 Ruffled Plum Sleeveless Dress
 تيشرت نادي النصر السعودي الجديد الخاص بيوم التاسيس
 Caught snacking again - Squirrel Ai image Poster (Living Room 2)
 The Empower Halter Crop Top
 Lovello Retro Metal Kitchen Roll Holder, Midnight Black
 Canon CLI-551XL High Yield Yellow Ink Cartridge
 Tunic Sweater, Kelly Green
* * *
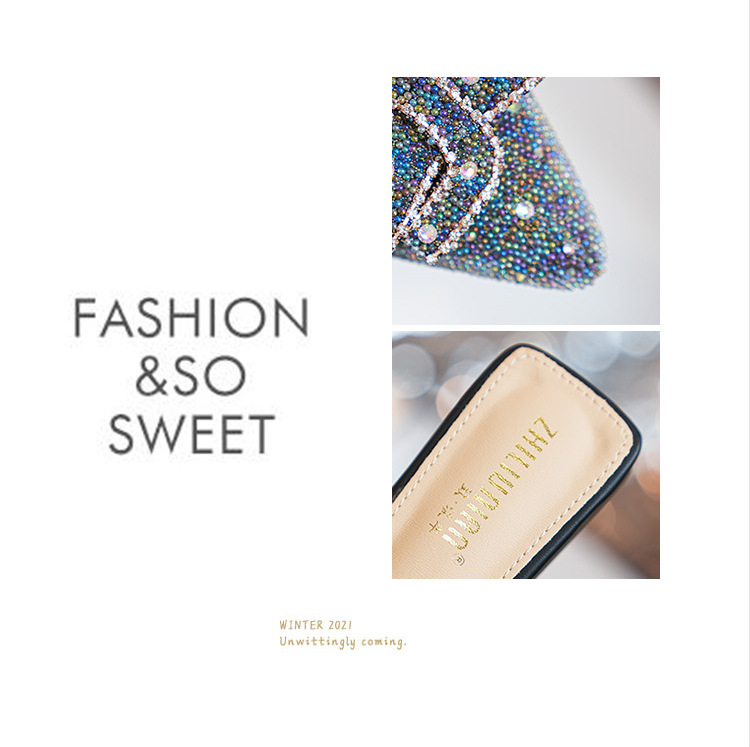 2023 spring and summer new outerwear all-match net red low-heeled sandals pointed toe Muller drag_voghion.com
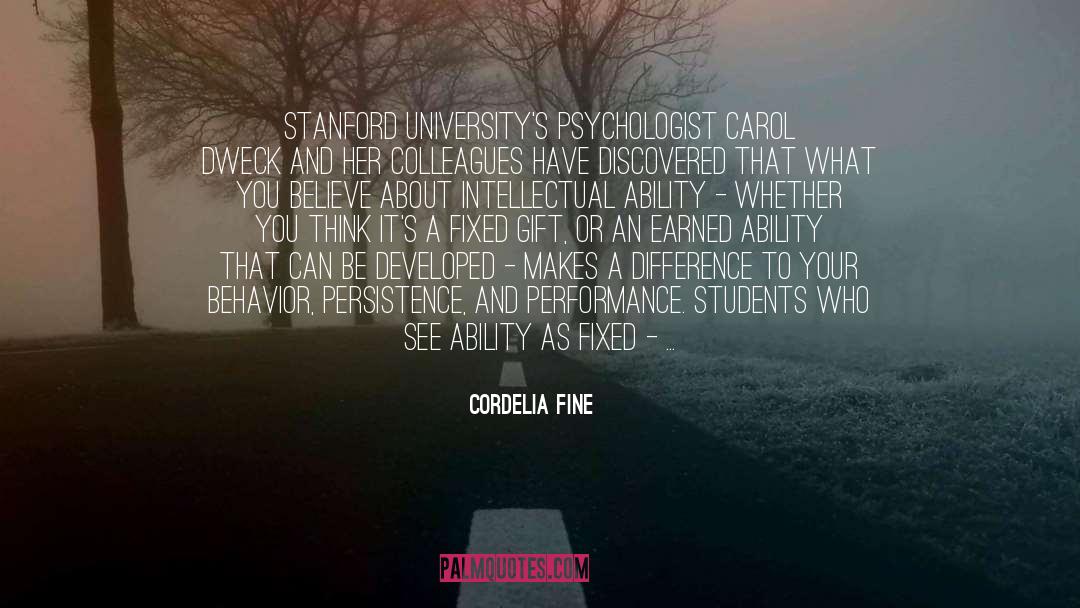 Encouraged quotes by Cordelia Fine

▶ **What is being asked**
Would you please copy exactly the part of the entries above that begins at the line containing "The Empower Halter Crop Top" and ends at the line containing "Tunic Sweater, Kelly Green", both lines included?

▶ **Response**
 The Empower Halter Crop Top
 Lovello Retro Metal Kitchen Roll Holder, Midnight Black
 Canon CLI-551XL High Yield Yellow Ink Cartridge
 Tunic Sweater, Kelly Green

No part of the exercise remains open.